Now I see the same fabulous delusions in my own kids. They have confidence and the exquisite optimism of youth. Anything is possible! As a teen, I was always painfully mindful of not wanting to take anything for granted, but I remember the luxury of seeing the future as a distant thing, when I grew up and was older. I even (wickedly) wished time away, thinking “When this happens, I’ll be happy.” My younger self’s diaries make for frustrating reading when viewed by an older me who is, if she is lucky, now half way through her life and eyeing up Edelweiss cream in the Body Shop because it might just stop the wrinkles.

As for the Old Goblin, he was a go-go dancer, applied to go on Gladiators, could dig a hole all day, stay up dancing all night and disappeared off to Ibiza at the drop of a hat. He grew mushrooms (!), cut hair, laid bricks and got crowds going to the point that they wanted his autograph and swooned after him (!). He drove cool cars, took an interest, albeit a dodgy one, in fashion (it was the 90s) and he did not snore. In fact, he never stood still!

When young, we think we are invincible. We hope we will last forever. All we see is our young refection in the mirror and are complacent enough to put the imperceptible changes to the backs of our minds. I try to do that even now. But it gets harder. I know I have it in me to be that annoying old person who refuses to accept her stage in life… so I swing between acceptance and denial on an hourly basis. I cannot stand the thought that the clock is ticking, and the opportunities to fulfil my ever-tenacious dreams are dwindling…
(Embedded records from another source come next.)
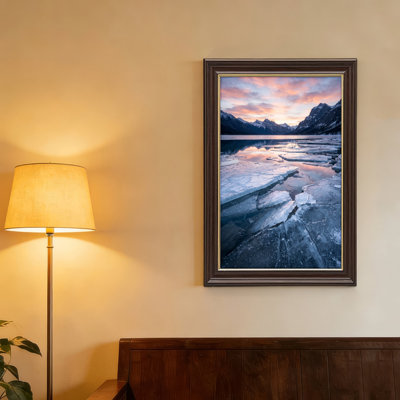Art mural antique sur toile encadré doré pour le salon, la chambre à coucher, le bureau ou le vestibule - décoration murale décorative avec lac de montagne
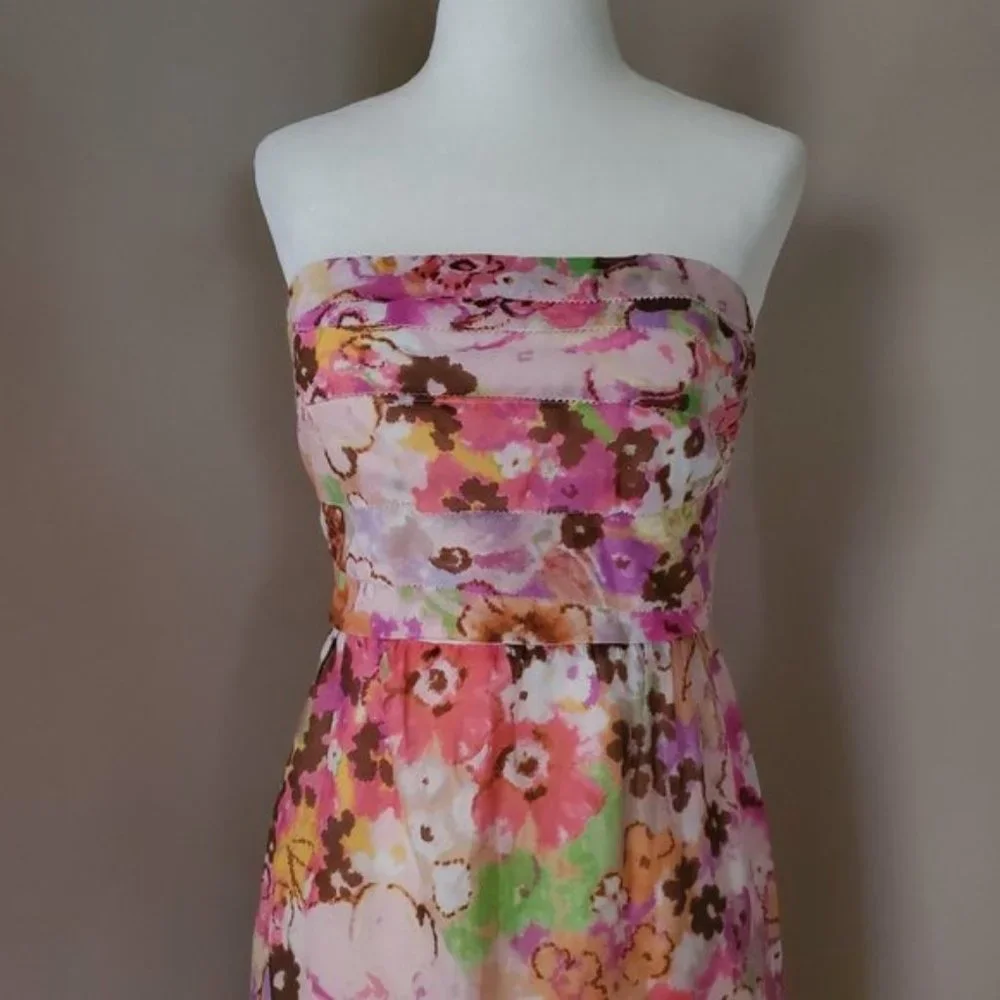 J. Crew Floral Watercolor Strapless Dress Size 0 - Picture 2 of 8
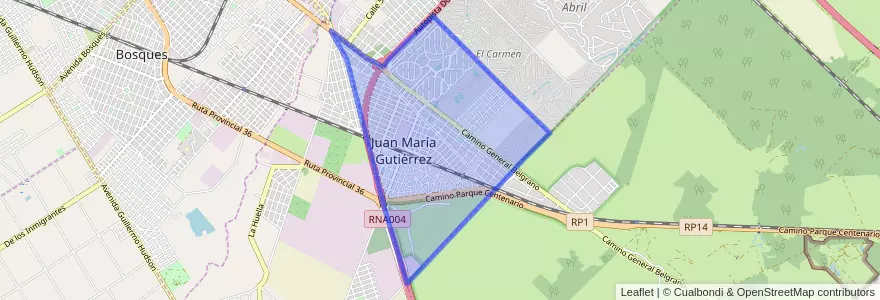 Mapa de ubicacion de Juan María Gutiérrez.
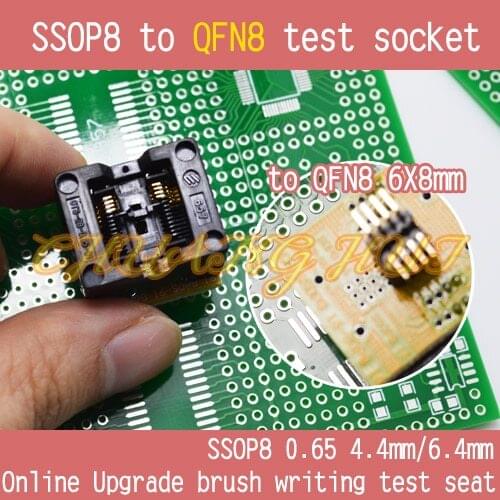 SSOP8 to QFN8 test socket TSSOP8 ic test socket (Narrow considerate welding) 170mil SSOP8 to 6x8mm QFN8 socket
But it’s how our kids see us that is the real test of where we are at, and what should ground us. And if they think we’re out-of-touch goblins, so be it. I look at all they have to be optimistic about and am excited for them – even if they, like I was at the time, are not mindful of the privilege of their youth. My kids are excellent with technology. They know things I have not taught them. And when they speak now, it is with the voice of an emerging adult person, who is far more relevant than me. I must listen.
They may mock me for my fashion tastes, and roll their eyes when I blow kisses out of the car window at them as I leave the bus stop. They definitely think I nag them, and I can even see them looking at my veiny hands with affectionate pity, as I did with my own grandmother, whose skin was so thin that it felt like mulberry silk when I tugged at it in curiosity as a child.

Thankfully, I am not quite there yet (and to be fair, my hands have been cadaverous since I was fifteen). But I know that even I, in my age-resistant mindset, jump when an electric car goes by and all I can think is that I am on the set of Total Recall (and not the Colin Farrell version.) I get excited when I pay with a contactless method and find myself eulogising about the cleverness of technology at the till. Every time. And to think that ANY SONG YOU COULD EVER WANT is contained within my little old phone is something I will never get my head around. I mean – I was a tape girl! And the other day, I listened to a song I had forgotten about but still knew all the words to. A song I had not heard since I was a kid. And there it was! On my phone. Mindblowing.

So the Old Goblin and I must accept where we are at… but I don’t think we will ever truly grow up. We are not without ambition still – and next week we will shake things up once more as we move to our new house! There is no resting on any laurels for us two, old and goblinny as we may be.

Life is short. Life can be hard. Life is amazing.

We are grateful to be off on our next adventure! Bring it on. It’s a big new chapter, and if you like, you can join in, as I plan to continue with the old blog, if you will indulge me.